Oxford University’s Oriel College has announced plans to host an exhibition “contextualising” the controversial 19th-century British imperialist Cecil Rhodes.
A statue of Rhodes by Henry Alfred Pegram, which stands on the façade of the college, has long been a flashpoint for debate around colonialism and racism, sparking protests over the past decade.
Oriel College is working with the Oxford Zimbabwe Arts Partnership to host a sculpture competition which will be held at Chitungwiza Arts Centre outside Zimbabwe’s capital city of Harare.

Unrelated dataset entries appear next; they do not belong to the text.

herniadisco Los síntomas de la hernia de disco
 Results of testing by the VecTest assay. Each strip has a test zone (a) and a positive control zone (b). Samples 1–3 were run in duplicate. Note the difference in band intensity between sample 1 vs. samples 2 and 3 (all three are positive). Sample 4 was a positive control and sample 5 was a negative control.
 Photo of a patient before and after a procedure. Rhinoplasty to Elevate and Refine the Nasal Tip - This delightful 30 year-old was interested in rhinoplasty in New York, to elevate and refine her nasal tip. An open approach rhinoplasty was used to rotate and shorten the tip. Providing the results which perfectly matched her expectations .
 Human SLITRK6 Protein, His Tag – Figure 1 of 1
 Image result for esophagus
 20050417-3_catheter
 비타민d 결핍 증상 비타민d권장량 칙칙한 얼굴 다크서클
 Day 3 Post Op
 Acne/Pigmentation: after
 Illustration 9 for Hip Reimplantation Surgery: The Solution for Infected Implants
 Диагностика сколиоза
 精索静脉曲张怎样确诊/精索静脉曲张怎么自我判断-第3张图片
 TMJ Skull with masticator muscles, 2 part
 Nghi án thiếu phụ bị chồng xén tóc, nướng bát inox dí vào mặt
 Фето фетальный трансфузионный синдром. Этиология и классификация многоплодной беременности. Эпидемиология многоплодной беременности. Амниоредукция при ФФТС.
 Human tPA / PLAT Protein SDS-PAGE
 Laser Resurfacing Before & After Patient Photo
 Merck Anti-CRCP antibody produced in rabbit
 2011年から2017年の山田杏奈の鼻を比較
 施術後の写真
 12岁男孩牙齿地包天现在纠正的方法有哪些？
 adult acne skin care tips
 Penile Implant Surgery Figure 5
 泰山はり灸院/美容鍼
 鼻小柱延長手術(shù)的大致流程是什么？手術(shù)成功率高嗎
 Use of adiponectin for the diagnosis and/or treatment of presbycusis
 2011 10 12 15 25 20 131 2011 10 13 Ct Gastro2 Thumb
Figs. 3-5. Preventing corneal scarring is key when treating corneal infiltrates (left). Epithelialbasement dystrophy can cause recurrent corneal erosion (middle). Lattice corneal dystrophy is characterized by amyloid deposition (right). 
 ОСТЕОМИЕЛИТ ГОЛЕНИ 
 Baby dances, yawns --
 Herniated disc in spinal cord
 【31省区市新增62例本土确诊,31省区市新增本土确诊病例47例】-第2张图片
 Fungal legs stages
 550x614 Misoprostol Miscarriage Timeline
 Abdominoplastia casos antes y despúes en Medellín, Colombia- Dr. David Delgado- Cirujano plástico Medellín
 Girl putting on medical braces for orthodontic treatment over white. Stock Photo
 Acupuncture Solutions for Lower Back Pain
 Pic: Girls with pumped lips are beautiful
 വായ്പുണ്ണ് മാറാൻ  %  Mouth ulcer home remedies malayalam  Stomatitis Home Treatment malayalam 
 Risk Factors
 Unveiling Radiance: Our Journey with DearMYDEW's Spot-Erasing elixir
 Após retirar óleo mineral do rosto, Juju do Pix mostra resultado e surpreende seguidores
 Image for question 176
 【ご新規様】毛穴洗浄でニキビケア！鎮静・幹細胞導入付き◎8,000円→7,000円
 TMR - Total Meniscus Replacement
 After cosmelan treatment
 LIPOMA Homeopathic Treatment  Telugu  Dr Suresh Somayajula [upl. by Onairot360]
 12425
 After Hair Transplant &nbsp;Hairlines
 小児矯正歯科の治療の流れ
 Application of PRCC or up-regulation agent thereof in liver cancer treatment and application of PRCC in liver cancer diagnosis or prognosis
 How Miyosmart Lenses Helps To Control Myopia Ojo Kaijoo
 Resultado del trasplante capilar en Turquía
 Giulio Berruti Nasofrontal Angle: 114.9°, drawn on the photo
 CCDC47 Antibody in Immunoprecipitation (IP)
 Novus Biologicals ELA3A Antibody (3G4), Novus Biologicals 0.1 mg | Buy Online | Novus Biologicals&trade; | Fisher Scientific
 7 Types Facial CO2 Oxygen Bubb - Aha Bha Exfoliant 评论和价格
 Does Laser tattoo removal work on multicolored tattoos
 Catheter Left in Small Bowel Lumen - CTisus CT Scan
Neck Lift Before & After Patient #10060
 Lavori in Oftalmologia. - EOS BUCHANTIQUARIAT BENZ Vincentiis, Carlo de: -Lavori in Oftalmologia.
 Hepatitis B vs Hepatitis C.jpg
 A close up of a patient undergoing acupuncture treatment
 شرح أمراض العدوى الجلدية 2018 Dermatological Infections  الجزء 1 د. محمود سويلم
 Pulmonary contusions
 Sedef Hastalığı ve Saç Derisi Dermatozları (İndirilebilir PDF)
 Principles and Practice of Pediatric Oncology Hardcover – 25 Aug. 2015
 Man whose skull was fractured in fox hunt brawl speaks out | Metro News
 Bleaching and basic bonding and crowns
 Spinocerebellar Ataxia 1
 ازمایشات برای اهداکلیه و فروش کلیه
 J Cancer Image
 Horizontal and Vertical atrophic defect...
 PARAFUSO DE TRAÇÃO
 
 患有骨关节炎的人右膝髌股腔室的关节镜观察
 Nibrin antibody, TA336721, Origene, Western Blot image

The winning sculpture will become the centrepiece of the exhibition, which aims to continue “the college’s work in contextualising the the contested history of colonialism in Zimbabwe and legacy of Cecil Rhodes”, alongside shedding light on “the historic suffering of Zimbabweans”.
The exhibition is due to take place from September to December at Oriel College, and later at the University Church of St Mary the Virgin in Oxford. The competition brief states that the exhibition requires “a figurative or semi-abstract reflection on the impact of Cecil Rhodes’ colonial wars on the indigenous people of Zimbabwe. A piece that illustrates both the historic suffering of Zimbabweans and their survival through to the independence of Zimbabwe, conveying a sense of peace and resilience”.
Campaigners from the Rhodes Must Fall group—inspired by the toppling of the Edward Colston statue in Bristol by Black Lives Matter demonstrators in 2020—have argued that the 19th-century politician and diamond mining magnate represents white supremacy and supported apartheid-style measures in South Africa.
The Rhodes statue, erected between 1901 and 1911, was funded by a £100,000 bequest from the industrialist himself, a former student of the college. In 2021, the sculptor Antony Gormley told the Financial Times that the Rhodes statue should be turned so that it faces the wall “in shame”.
In 2021, the college said it had no plans to “begin the legal process for relocation” of the Rhodes statue following a report by an independent commission which recommended that the college should “now invest in understanding and contextualisation of its relationship with Rhodes”. More than 350 academics from across the university subsequently demanded that the statue be removed.